▸ **AIM OF THE EXERCISE**
Within the records below, find the line with "Caneca Natalina com" and the line with "Little Children on Bicycle", then reproduce exactly those two lines and all lines between them, without any picture.

### GIVEN DATA ###

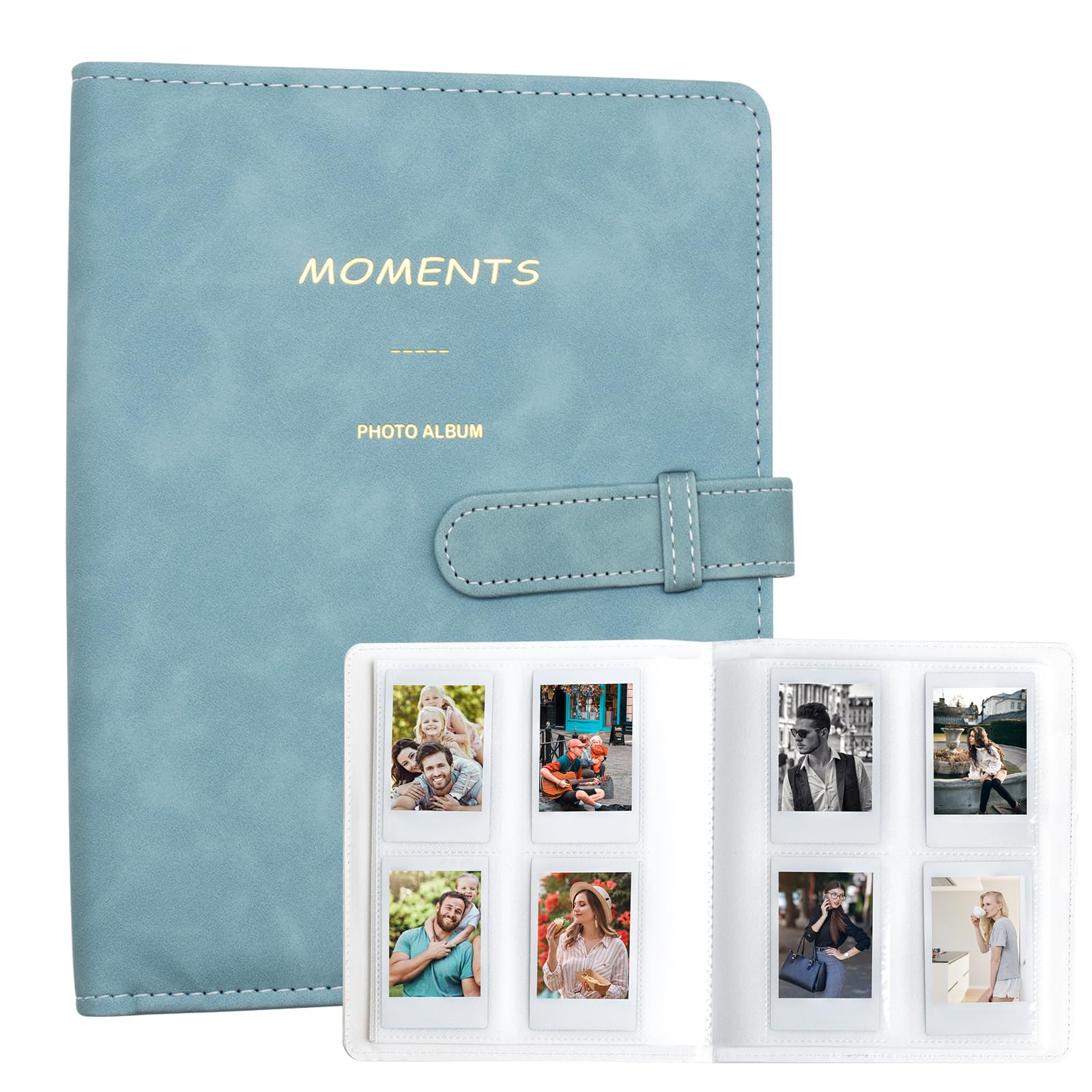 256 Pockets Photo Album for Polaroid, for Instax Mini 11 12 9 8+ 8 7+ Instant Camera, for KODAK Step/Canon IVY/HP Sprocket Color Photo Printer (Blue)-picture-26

###
### GIVEN DATA ###

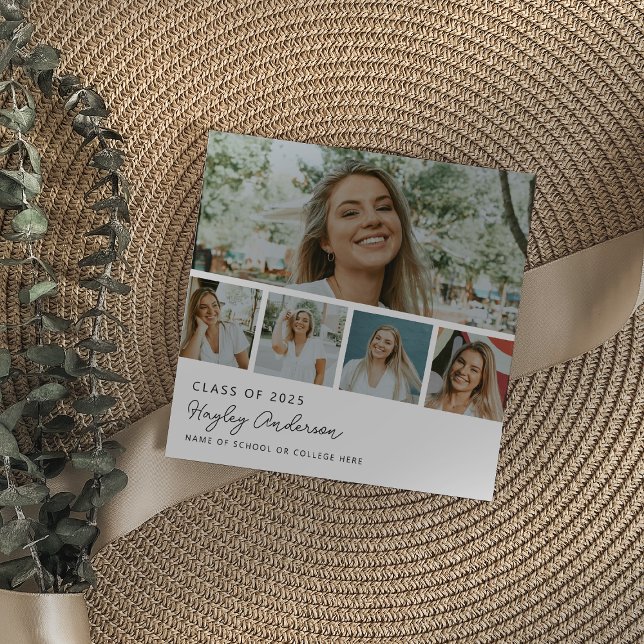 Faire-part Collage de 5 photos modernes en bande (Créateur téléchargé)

###
### GIVEN DATA ###

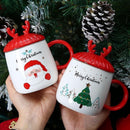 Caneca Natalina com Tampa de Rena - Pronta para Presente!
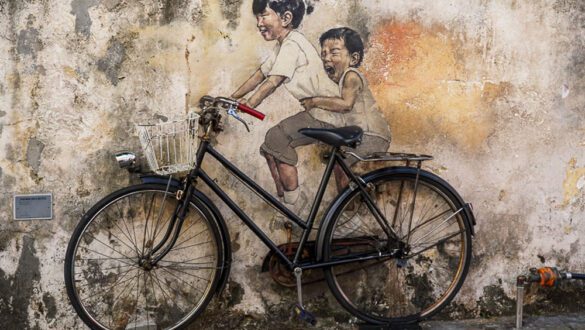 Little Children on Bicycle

###

▸ **SOLUTION FOR THIS TASK**
 Caneca Natalina com Tampa de Rena - Pronta para Presente!
 Little Children on Bicycle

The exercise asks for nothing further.